Re the Atlantic article - very interesting. Things have got worse for women since the early gains in the 70s /80s. I think the problem lies in leaving diversity to the education sector. It has never protected or encouraged women- unless women only schools. In the 70s and 80s the big computer companies recruited grads from any discipline and cross trained the technical knowledge. That stopped with the rise of PCs.

Unless financial incentives and consequences are applied, there will be no change. Unless of course we get a whole raft of TIMs recruited under the women's quota. The financial incentives have always been the motivation for diversity, like it or not and as soon as the incentives stop, so does diversity - no matter how much people point it out - as the article says, highlighting it seems to cement it as "normal":

A 2010 study, “The Paradox of Meritocracy in Organizations,” found that in cultures that espouse meritocracy, managers may in fact “show greater bias in favor of men over equally performing women.” In a series of three experiments, the researchers presented participants with profiles of similarly performing individuals of both genders, and asked them to award bonuses.
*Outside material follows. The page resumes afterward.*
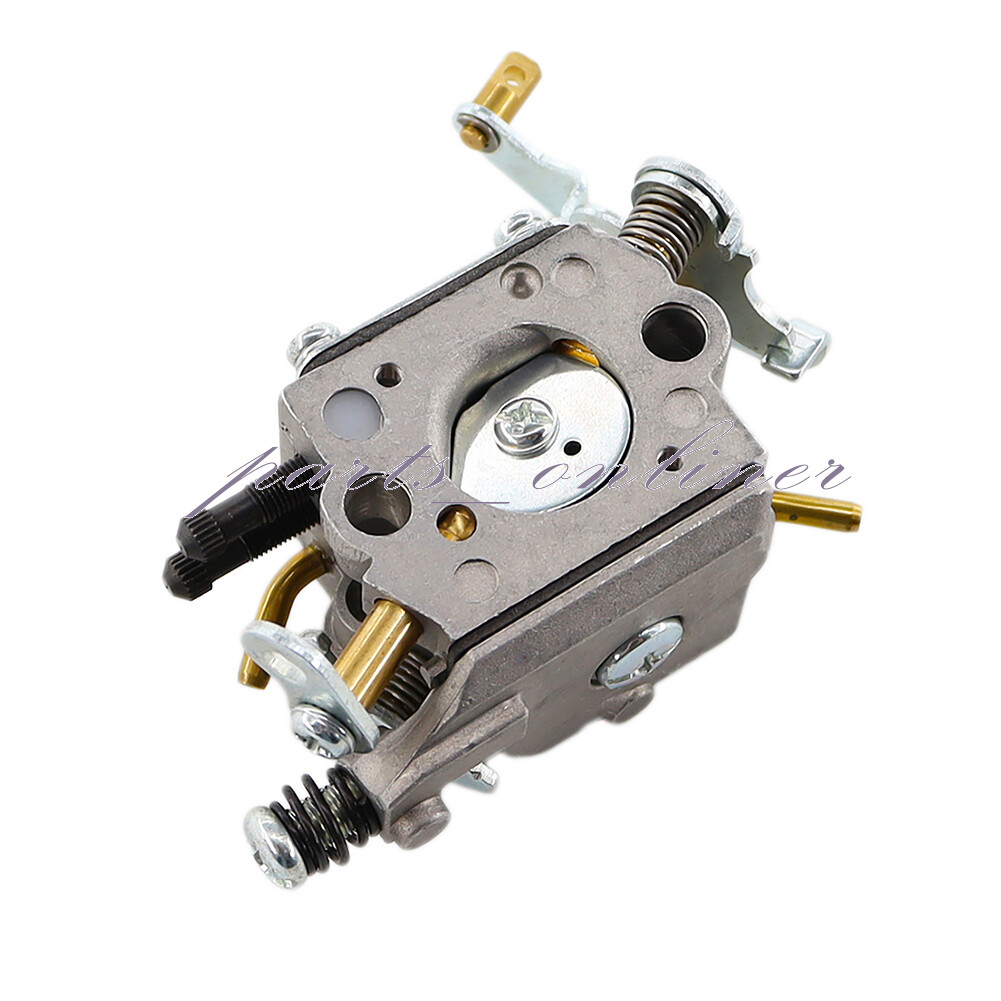 Carburetor Kit For Poulan Pro PR5020 20 in. 50cc 2-Cycle Gas Chainsaw Air Filter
The researchers found that telling participants that their company valued merit-based decisions only increased the likelihood of their giving higher bonuses to the men.

The study authors considered several alternative explanations for the low numbers of women in those fields—including that women might not want to work long hours and that there might be more men at the high end of the aptitude spectrum, an idea notoriously put forward in 2005 by then–Harvard President Larry Summers.
But the data did not support these other theories.
“The more a field valued giftedness, the fewer the female PhDs,” the study found, pointing out that the same pattern held for African Americans. Because both groups still tend to be “stereotyped as lacking innate intellectual talent,” the study concluded, “the extent to which practitioners of a discipline believe that success depends on sheer brilliance is a strong predictor of women’s and African Americans’ representation.”
…Indeed. At Google, the initial tally showed that just 17 percent of its technical employees were women. The female technical force was 10 percent at Twitter, 15 percent at Facebook, and 20 percent at Apple. Granted, women currently make up just 18 percent of computer-science majors, but these companies are so well funded and attractive that they should be able to get a disproportionate percentage of the pipeline. The firms resolved to do better, and began looking for new ways to attract and retain women. Their approaches include measures like recruiting from a broader array of colleges and creating more internships. But the flashiest—and most copied—approach is something called unconscious-bias training.

But there’s a problem. Unconscious-bias training may not work. Some think it could even backfire. Though the approach is much more congenial than the “sensitivity training” popular in the 1980s and ’90s—in which white men were usually cast as villains—it suffers from the same problem: People resent being made to sit in a chair and listen to somebody telling them how to act. Forcing them to do so can provoke the fundamental human urge to reply: No thanks, I’ll do the opposite.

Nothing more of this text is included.